All Things Pankish

A Conversation Between Kirk Nesset and Nicelle Davis

[ / February 13th, 2010 / Interviews ]

ND: The stories in Mr. Agreeable are considerably shorter than the stories in your first collection, Paradise Road. The two books demonstrate your control of narrative. You can hold a reader’s attention for thirty pages and/or rip their hearts out in two. How did you decide on the short-short form for Mr. Agreeable? What advantages are there in writing for brevity?

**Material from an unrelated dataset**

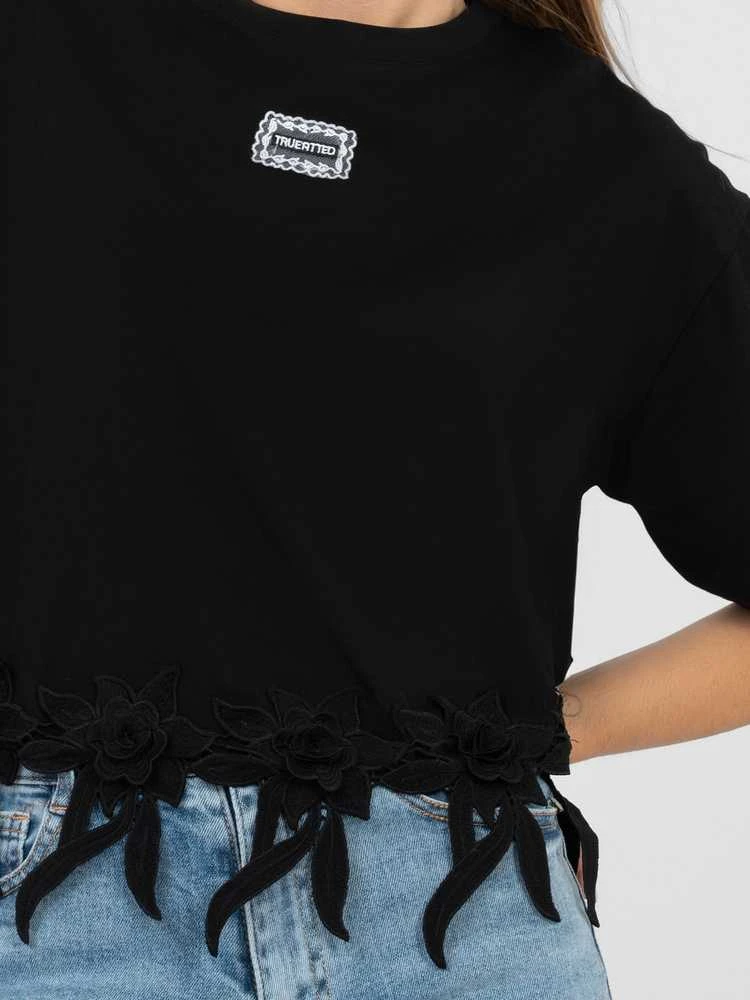 Factory Price Bluzka-IT-BZ-JL15.70-juoda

KN: You can risk more, I think, working in miniature. You can experiment. You can do outlandish things with structure and point of view, and with language. You can do just about anything, as long as the piece finally feels focused and whole, and as long as there’s impact. Which is wonderfully liberating, if you’re used to working in longer forms, where we tend to respect laws of verisimilitude. In flash mode, you kind of throw character out the window. Premise and theme predominate, as does voice, and omission—what you don’t say in a story, that is, but imply. You can’t possibly develop a character in two or three pages. But you can represent a universe in the head of pin, and shatter the reader quickly, the way one hopes to do in a poem.

The best thing about flash fiction, though, is that it’s less daunting to write. Or seems to be, initially. You sit down with your sketchpad or keyboard and the feeling is, Well, this won’t be so bad. Five hundred words can’t be that daunting. And it isn’t. Except that sometimes you write twelve or fifteen pages to find that one paragraph, or one sentence, that glows, and build your tiny tale around that. Or you realize, after drafting a while, that the piece you’re writing isn’t flash fiction at all. I finished a story lately I thought would be flash, or at least sudden. I wrestled with the thing for a year. It needed to manifest on its own terms, as fictions often do. It turned out to be eight thousand words, or just over.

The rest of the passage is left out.